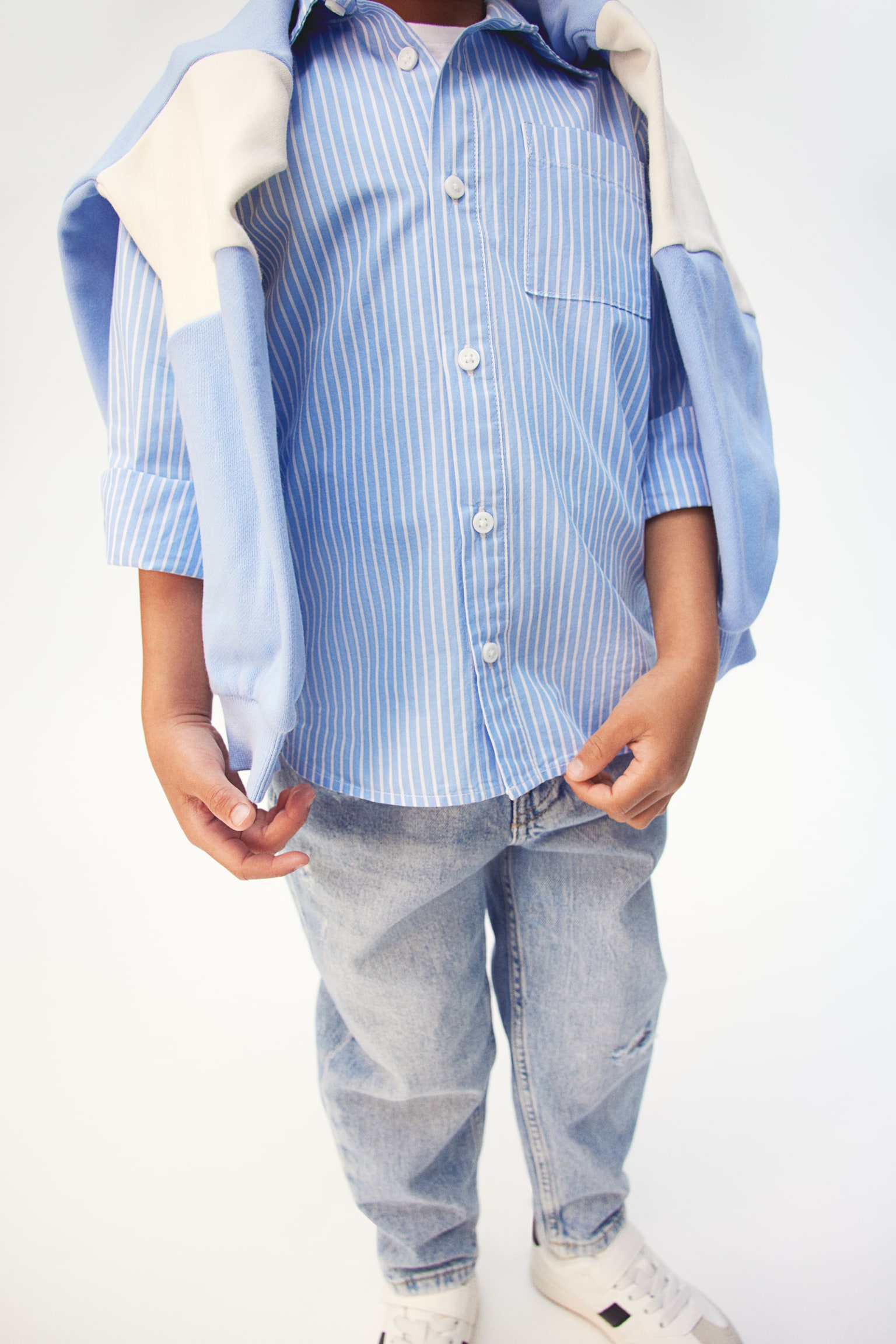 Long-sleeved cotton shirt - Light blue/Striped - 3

===

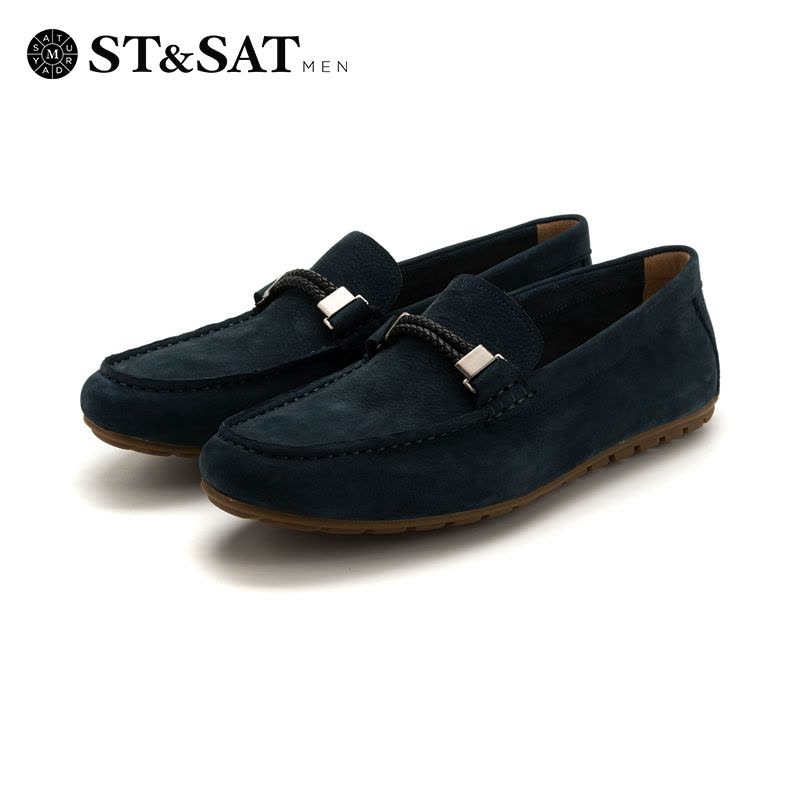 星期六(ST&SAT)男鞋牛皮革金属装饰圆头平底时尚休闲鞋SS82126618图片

===

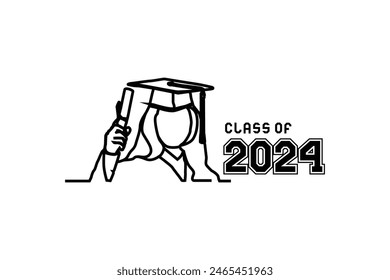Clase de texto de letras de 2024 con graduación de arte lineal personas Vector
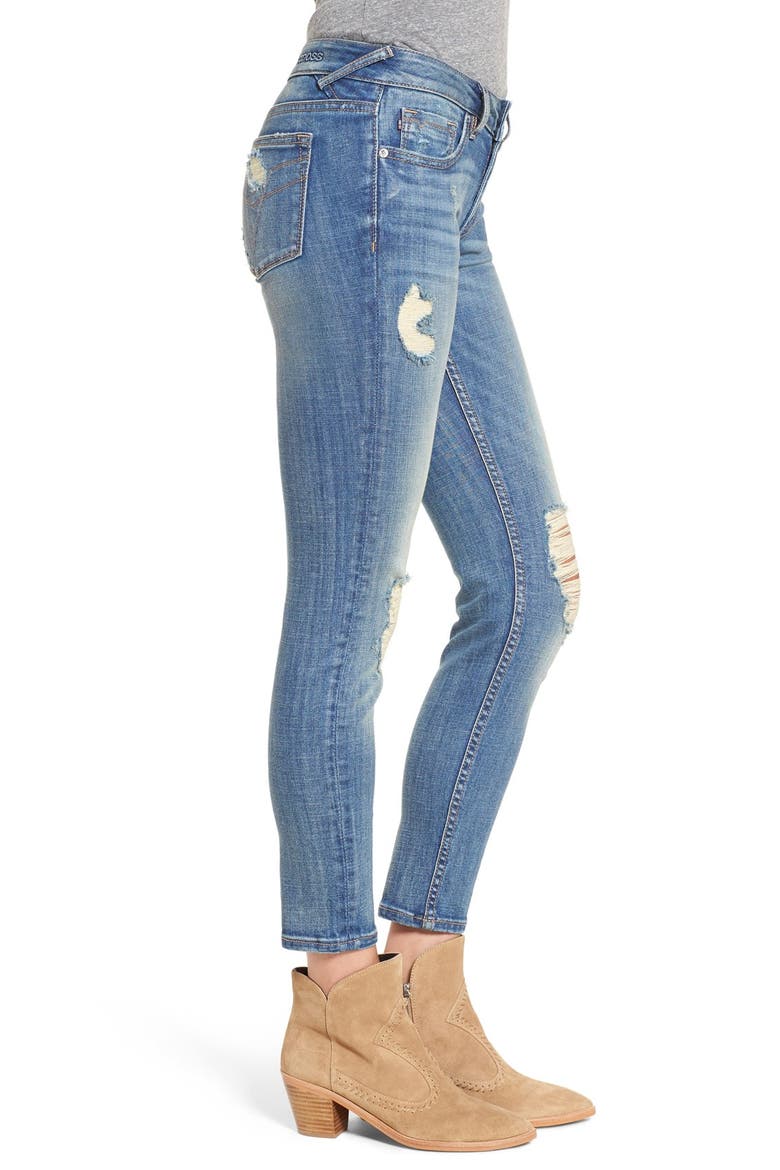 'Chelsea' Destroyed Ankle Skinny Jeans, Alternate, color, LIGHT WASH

===

(What is required)
Would you set down only the lines above from the line with "Clase de texto" to the line with "color, LIGHT WASH", both included, exactly as they stand and without the pictures?

(Finished task)
Clase de texto de letras de 2024 con graduación de arte lineal personas Vector
 'Chelsea' Destroyed Ankle Skinny Jeans, Alternate, color, LIGHT WASH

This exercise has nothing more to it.